In the midst of all this craziness, we do get a glimpse of some semblance of a story. Sahej lives with his elder brother (Punit Pathak) in London. Curiously, the migrants from Punjab live in a posh house with all the luxuries of life simply by running dance classes.
Pathak’s character injures himself while performing at a prized dance competition called Ground Zero and becomes dependent on crutches. So Sahej takes it upon himself to ensure that his group wins the tournament for his brother. His dance group is always at loggerheads with the Pakistani group led by Inayat. Pub owner Anna (Prabhu Deva) tries to mediate between them but to no avail.
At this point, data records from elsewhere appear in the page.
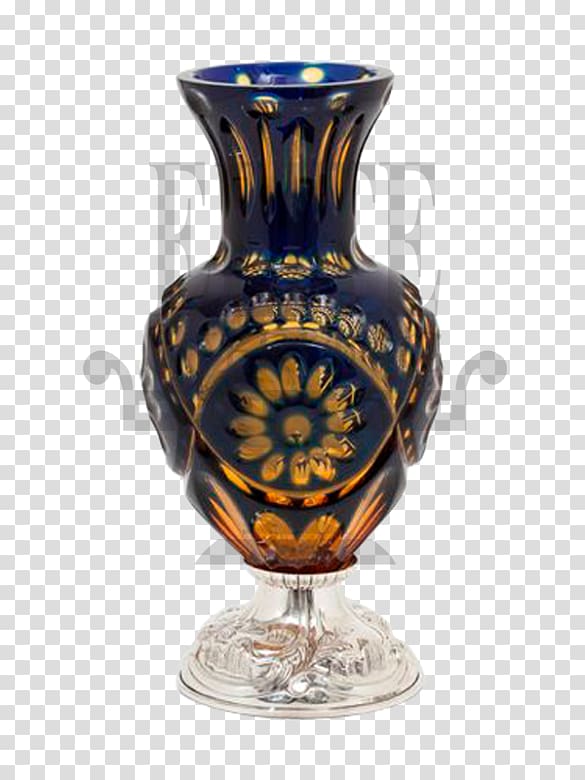 Vase Ceramic Pottery Cobalt blue Urn, Metal Vases transparent background PNG clipart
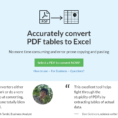 Convert Pdf Table To Excel Spreadsheet With Regard To Lightning Pitch: Pdf Tables  Effortlessly Convert Pdf Tables Into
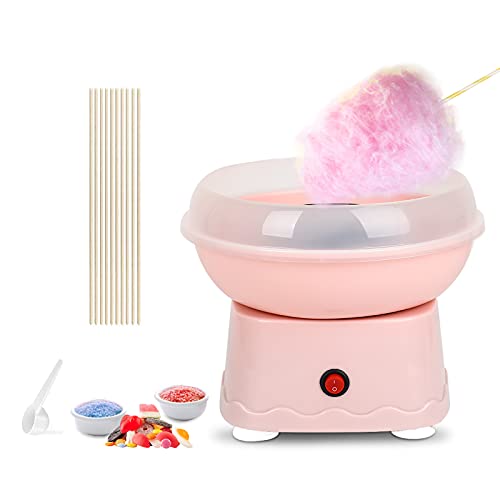TWSOUL Cotton Candy Makers, Cotton Candy Machine for Kids, Mini Electric Cotton Candy Floss Maker with Sugar Spoon and 10 Bamboo Sticks for Birthday Parties, Children's Day, Christmas Gifts TWSOUL Cotton Candy Makers, Cotton Candy Machine for Kids, Mini Electric Cotton Candy Floss Maker with Sugar Spoon and 10 Bamboo Sticks for Birthday Parties, Children's Day, Christmas Gifts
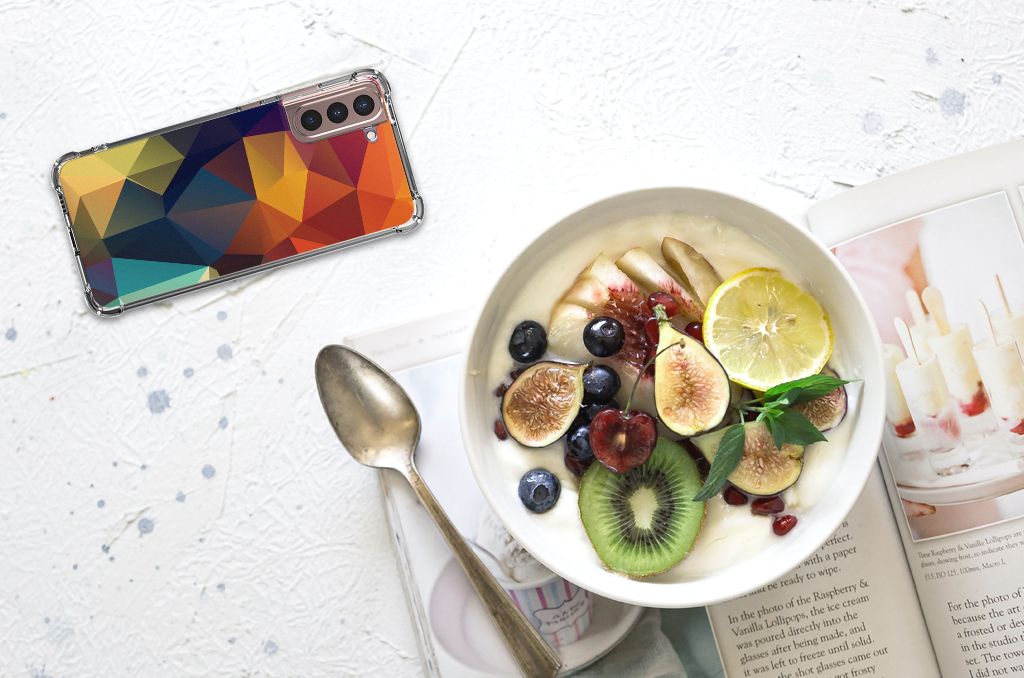 Samsung Galaxy S21 Plus Shockproof Case Polygon Color B2C Telecom
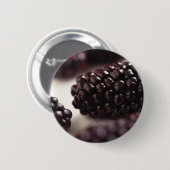 Zwarte bessen ronde button 5,7 cm (Voorkant /achterkant)
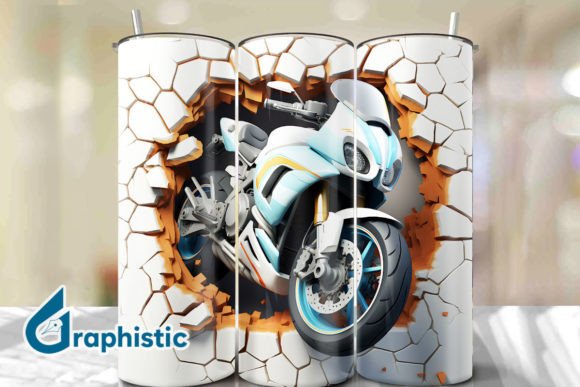 Motorbike 3D Smashed Wall Background 12: A Versatile Tool for Creative Projects
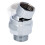Universeller Duschkopf-Schwenkadapter Silver 1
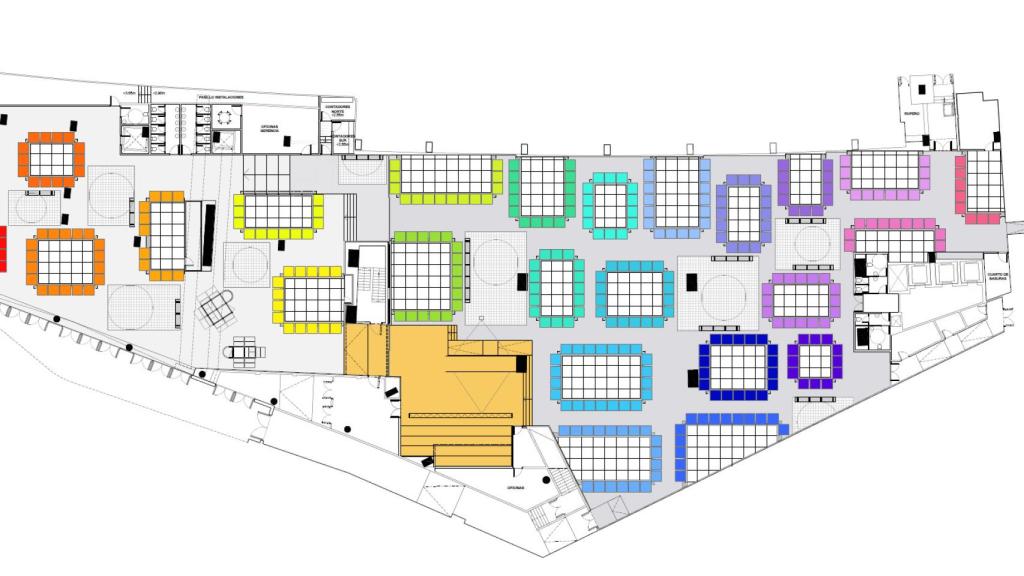 Plano del Bernabéu Market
In a film whose story revolves based on a dance competition, it is obvious that there will be a lot of dance sequences. But unlike D’Souza’s earlier two dance films, ABCD (2013) and ABCD 2 (2015), Street Dancer just bombards you with dance throughout its lengthy 150 minutes. It would be no exaggeration to say there is an overdose of dance. In fact, without these sequences, Street Dancer 3D might well have been just a short film. The visuals are vibrant and the production design is rich, but is that enough to make a film?
To make matters worse, there is a lot of acrobatic stuff happening in the name of dance. So much, in fact, that it starts appearing repetitive in the first half itself.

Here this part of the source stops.